Our CEO Michael Caccavale and I have been talking a lot about a recent eMarketer report on smart homes, entitled “The End of Interruptive Marketing as We Know It.” In a three-part blog series, we’ve discussed the emergence of smart homes and what it all means for marketers. And while marketers’ roles are clearly evolving in this space, the question remains: which industries stand to gain the most from the growth of smart homes?
What are the top 3 industries that stand to gain here?
Home security is perhaps the most obvious one – having been on the frontlines of smart home adoption for years. Energy is there as well. And retail.
Tell me more about home security.
The home security piece is low-hanging fruit, in that it’s been around the longest and keeping our homes safe isn’t a fad. Smart home technology has given us increased opportunities to keep an eye on our homes, to make sure doors are locked, etc. and as people are more on-the-go, this convenience is important.
Is energy more-or-less an extension of that?
In monitoring, yes. But there’s also the opportunity to adjust use and recognize savings. The fact that we can remotely control our smart thermostats, sprinklers, etc. and see real data on our use and budget… That’s really appealing to homeowners and as it’s integrated better with suppliers/service firms, it’s even more appealing.
Where does retail fit in?
Retail is generally more transactional than informational – especially since brands have a difficult path to entry on things like Alexa, for example. You’re not hearing straight-up retail ads there so how retail integrates into our collective smart home culture is more in ways like how stores are set up. Take cashierless stores, for example. The idea that you can go in, locate what you need with an app, and make a purchase all without interacting with a human is quite similar to the smart home experience you have at home. It’s a step above shopping online in that you leave with your purchase in-hand, but has all the conveniences of a digital shopping experience. You’re still missing the value of the human factor, though. And outside of “needs-shopping” like grocery stores, a lot of why we go into retail stores is for that comprehensive shopping experience.

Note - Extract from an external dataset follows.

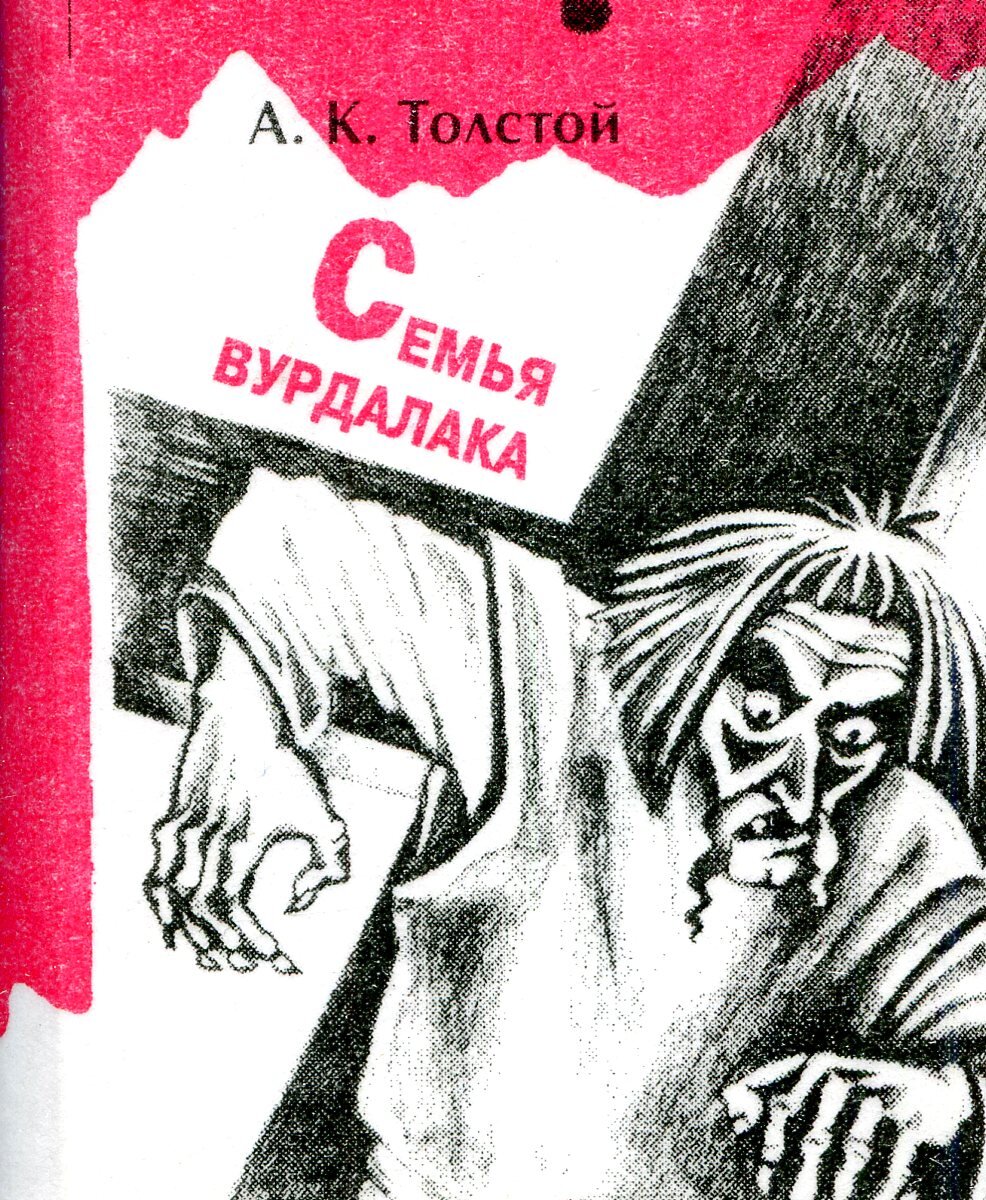 -2-2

Is the gimmick quality of things like Alexa (for music, recipes, fun facts, etc.) overshadowing the practical-use selling point?
It might be. But I’m not sure that really matters because people still spend money on things that bring them joy. So while you might buy a smart sprinkler system for your home because you believe in water conservation and saving on your monthly bill, you might also be happy with a hands-free way to give an area of the garden some extra water on a dry week.
How are smart homes unique in this time of coronavirus, shelter-in-place orders, etc.?
It’s interesting because while we often think of smart homes as benefiting us when we are away – making sure the doors are locked, that the thermostat is set correctly, etc. – this is also a time where having some in-home features like entertainment is so, so valuable. In many ways, this has become our connection to the outside world.
And from a granular and practical perspective, smart homes – specifically voice-activated features – are a way for us to avoid touching commonly-used (and germ carrying) things like your phone, your keyboard, your doorknobs. As we’re paying more attention to the things we touch, being able to eliminate some of those “top offenders” of the germ world can’t hurt.
Do you think our use of smart homes will shift when we are able to go back out into our communities?
I think everything will shift, at least some. Our reliance on data and information, and connection and community will be at the forefront of our actions so to the extent that smart homes meet that need, industries that are present in that space will likely benefit. After working from home for many people, we will likely see some wider adoption as folks head back into the office (at some point) and think back to the days when they were home seeing all the appliances and devices.
It is truly a time where now, more than ever, the customer experience matters. Smart technology or otherwise, all businesses need to be focused on that right now and as we move forward.